Problem to work on -> From the records below, print only the part that opens with the line containing "Il Rovescio Della Medaglia - Io Come Io" and closes with the line containing "Barra cupola anteriore"; omit the pictures.

Data extracts ->
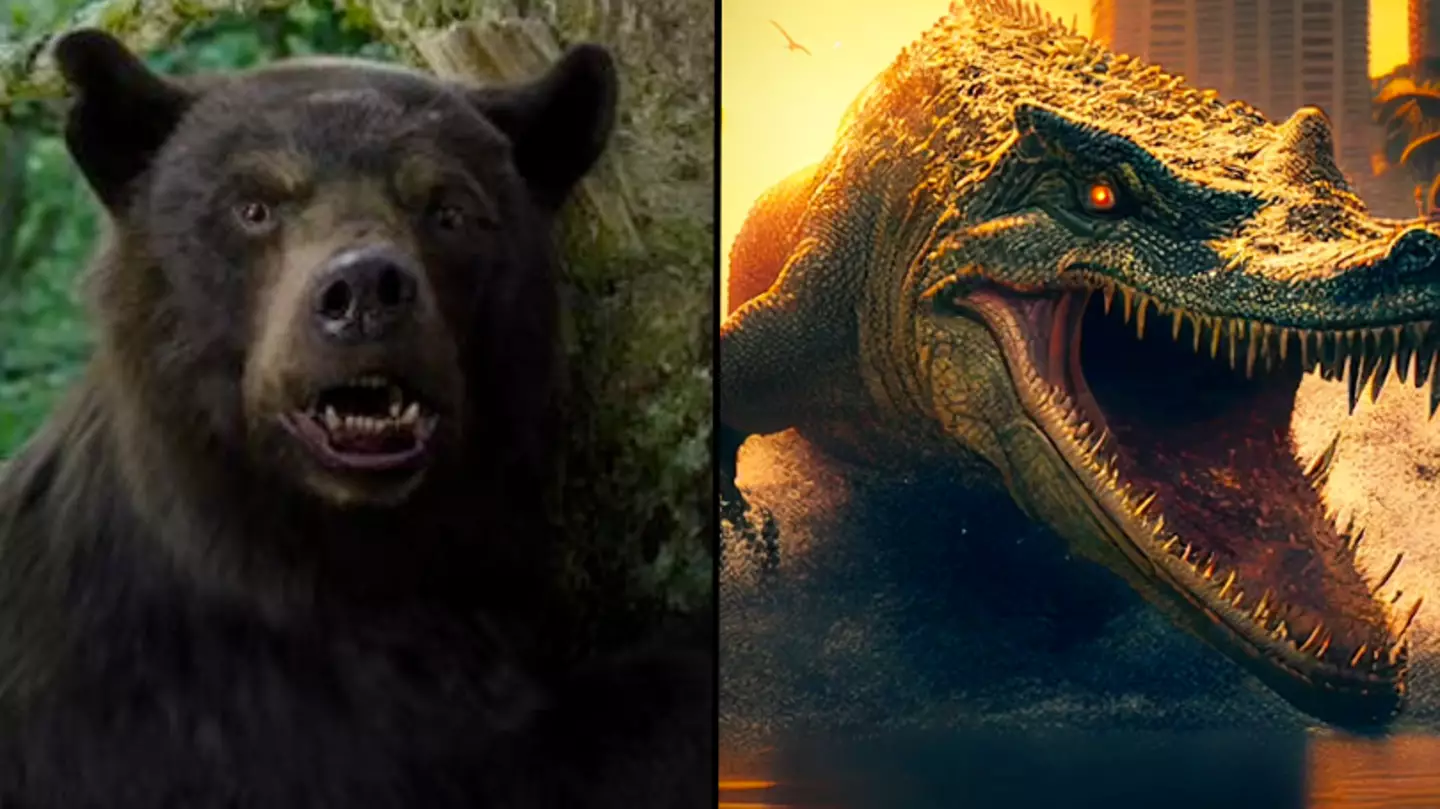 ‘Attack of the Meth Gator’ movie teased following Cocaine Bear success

---

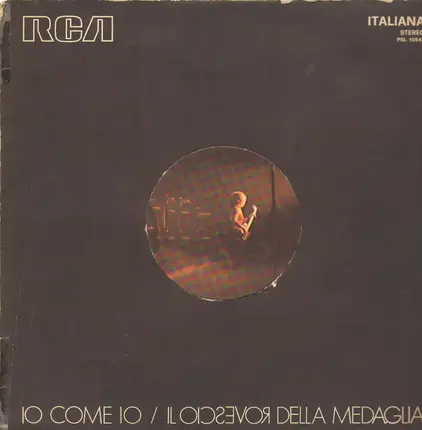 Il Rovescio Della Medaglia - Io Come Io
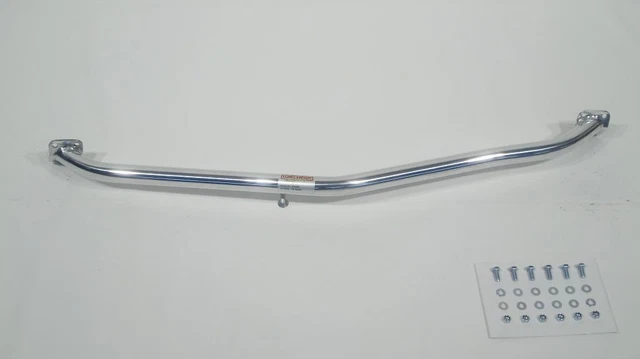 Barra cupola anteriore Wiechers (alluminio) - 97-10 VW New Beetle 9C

...

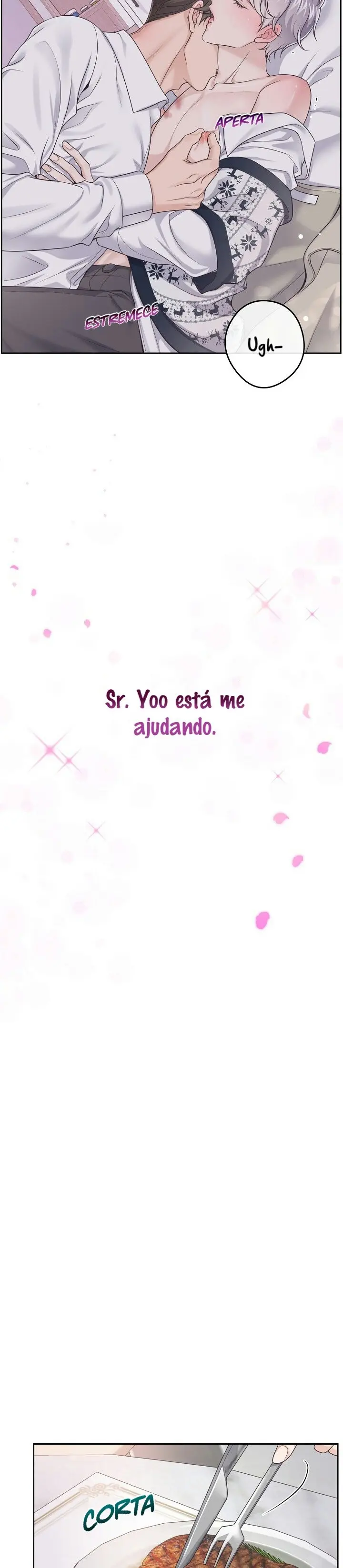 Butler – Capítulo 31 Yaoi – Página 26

Output below ->
 Il Rovescio Della Medaglia - Io Come Io
 Barra cupola anteriore Wiechers (alluminio) - 97-10 VW New Beetle 9C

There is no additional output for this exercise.